What is being asked: Reproduce each of the entries that follow, exactly.

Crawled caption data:
◇ ◇ ◇ ◇ ◇ ◇ ◇
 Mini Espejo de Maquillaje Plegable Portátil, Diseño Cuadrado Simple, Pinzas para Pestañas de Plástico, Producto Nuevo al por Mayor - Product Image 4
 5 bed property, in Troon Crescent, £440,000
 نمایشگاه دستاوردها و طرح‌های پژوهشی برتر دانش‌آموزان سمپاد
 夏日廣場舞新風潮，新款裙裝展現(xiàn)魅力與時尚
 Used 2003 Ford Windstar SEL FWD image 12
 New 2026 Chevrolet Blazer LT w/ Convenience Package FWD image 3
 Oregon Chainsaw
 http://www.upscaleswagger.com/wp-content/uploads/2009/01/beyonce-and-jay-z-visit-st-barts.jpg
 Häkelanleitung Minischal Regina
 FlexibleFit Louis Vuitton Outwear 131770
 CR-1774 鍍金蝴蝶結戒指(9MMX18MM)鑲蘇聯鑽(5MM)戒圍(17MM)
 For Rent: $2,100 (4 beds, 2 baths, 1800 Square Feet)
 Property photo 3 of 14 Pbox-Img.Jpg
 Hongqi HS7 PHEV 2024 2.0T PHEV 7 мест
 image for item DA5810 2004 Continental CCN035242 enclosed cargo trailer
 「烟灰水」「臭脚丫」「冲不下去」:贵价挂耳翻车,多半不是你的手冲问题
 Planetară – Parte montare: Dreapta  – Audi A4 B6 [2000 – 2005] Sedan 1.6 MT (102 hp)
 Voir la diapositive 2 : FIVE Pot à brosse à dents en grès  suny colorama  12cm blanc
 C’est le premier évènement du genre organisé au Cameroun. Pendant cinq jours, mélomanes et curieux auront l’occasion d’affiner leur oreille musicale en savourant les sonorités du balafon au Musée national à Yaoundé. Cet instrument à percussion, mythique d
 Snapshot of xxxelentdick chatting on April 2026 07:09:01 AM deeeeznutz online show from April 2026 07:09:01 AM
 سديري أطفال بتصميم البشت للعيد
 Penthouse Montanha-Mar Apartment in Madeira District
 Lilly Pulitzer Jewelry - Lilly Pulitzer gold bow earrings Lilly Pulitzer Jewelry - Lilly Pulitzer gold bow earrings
◇ ◇ ◇ ◇ ◇ ◇ ◇
Completed exercise:
 Mini Espejo de Maquillaje Plegable Portátil, Diseño Cuadrado Simple, Pinzas para Pestañas de Plástico, Producto Nuevo al por Mayor - Product Image 4
 5 bed property, in Troon Crescent, £440,000
 نمایشگاه دستاوردها و طرح‌های پژوهشی برتر دانش‌آموزان سمپاد
 夏日廣場舞新風潮，新款裙裝展現(xiàn)魅力與時尚
 Used 2003 Ford Windstar SEL FWD image 12
 New 2026 Chevrolet Blazer LT w/ Convenience Package FWD image 3
 Oregon Chainsaw
 http://www.upscaleswagger.com/wp-content/uploads/2009/01/beyonce-and-jay-z-visit-st-barts.jpg
 Häkelanleitung Minischal Regina
 FlexibleFit Louis Vuitton Outwear 131770
 CR-1774 鍍金蝴蝶結戒指(9MMX18MM)鑲蘇聯鑽(5MM)戒圍(17MM)
 For Rent: $2,100 (4 beds, 2 baths, 1800 Square Feet)
 Property photo 3 of 14 Pbox-Img.Jpg
 Hongqi HS7 PHEV 2024 2.0T PHEV 7 мест
 image for item DA5810 2004 Continental CCN035242 enclosed cargo trailer
 「烟灰水」「臭脚丫」「冲不下去」:贵价挂耳翻车,多半不是你的手冲问题
 Planetară – Parte montare: Dreapta  – Audi A4 B6 [2000 – 2005] Sedan 1.6 MT (102 hp)
 Voir la diapositive 2 : FIVE Pot à brosse à dents en grès  suny colorama  12cm blanc
 C’est le premier évènement du genre organisé au Cameroun. Pendant cinq jours, mélomanes et curieux auront l’occasion d’affiner leur oreille musicale en savourant les sonorités du balafon au Musée national à Yaoundé. Cet instrument à percussion, mythique d
 Snapshot of xxxelentdick chatting on April 2026 07:09:01 AM deeeeznutz online show from April 2026 07:09:01 AM
 سديري أطفال بتصميم البشت للعيد
 Penthouse Montanha-Mar Apartment in Madeira District
 Lilly Pulitzer Jewelry - Lilly Pulitzer gold bow earrings Lilly Pulitzer Jewelry - Lilly Pulitzer gold bow earrings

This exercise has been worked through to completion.